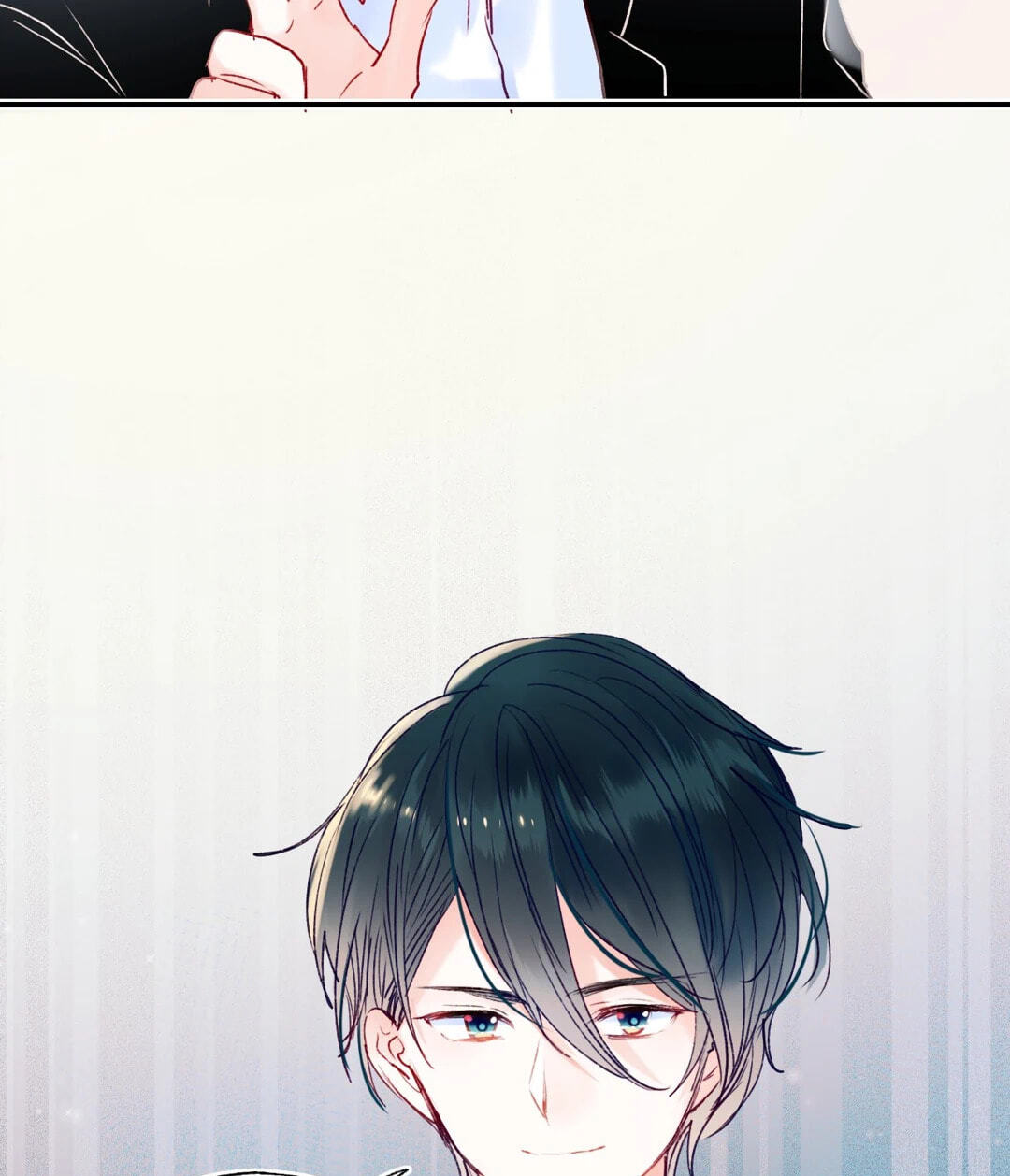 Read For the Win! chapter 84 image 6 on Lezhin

* * *

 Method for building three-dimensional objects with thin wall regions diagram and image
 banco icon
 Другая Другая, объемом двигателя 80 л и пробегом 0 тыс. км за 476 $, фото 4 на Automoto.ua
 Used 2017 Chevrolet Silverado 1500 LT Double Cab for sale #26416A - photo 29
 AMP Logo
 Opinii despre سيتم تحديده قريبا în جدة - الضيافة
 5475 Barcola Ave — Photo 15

...

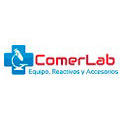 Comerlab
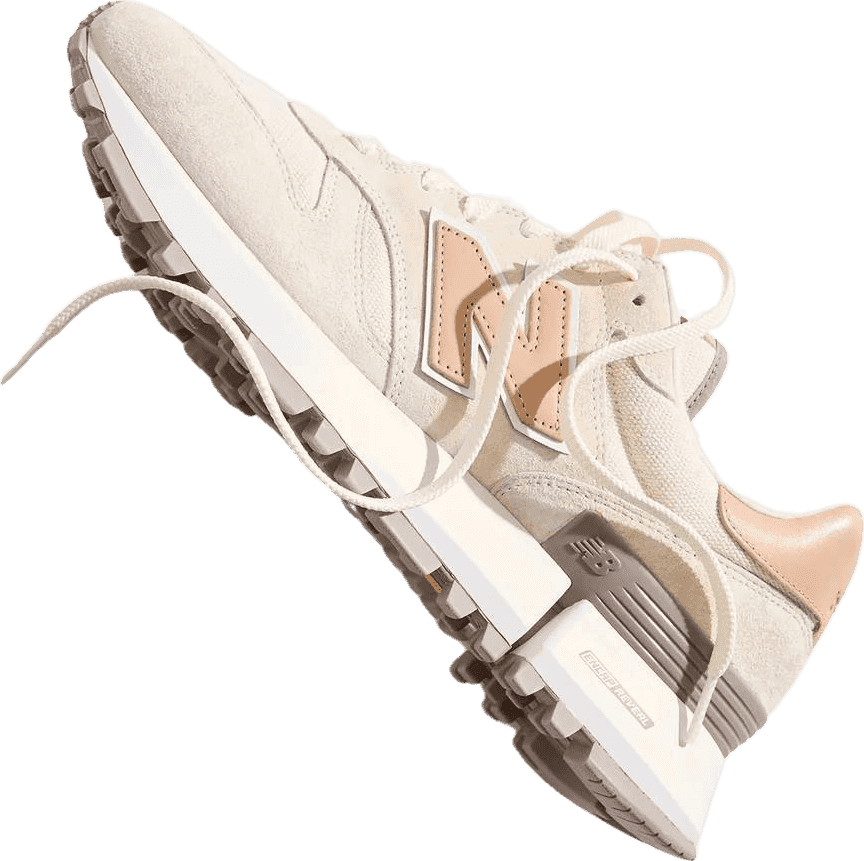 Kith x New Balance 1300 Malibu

# WHAT TO PRODUCE:
From the listing above, repeat exactly the lines starting at the line that includes "Method for building" and ending at the line that includes "5475 Barcola Ave — Photo 15", with nothing outside that span.

# RESPONSE AREA:
 Method for building three-dimensional objects with thin wall regions diagram and image
 banco icon
 Другая Другая, объемом двигателя 80 л и пробегом 0 тыс. км за 476 $, фото 4 на Automoto.ua
 Used 2017 Chevrolet Silverado 1500 LT Double Cab for sale #26416A - photo 29
 AMP Logo
 Opinii despre سيتم تحديده قريبا în جدة - الضيافة
 5475 Barcola Ave — Photo 15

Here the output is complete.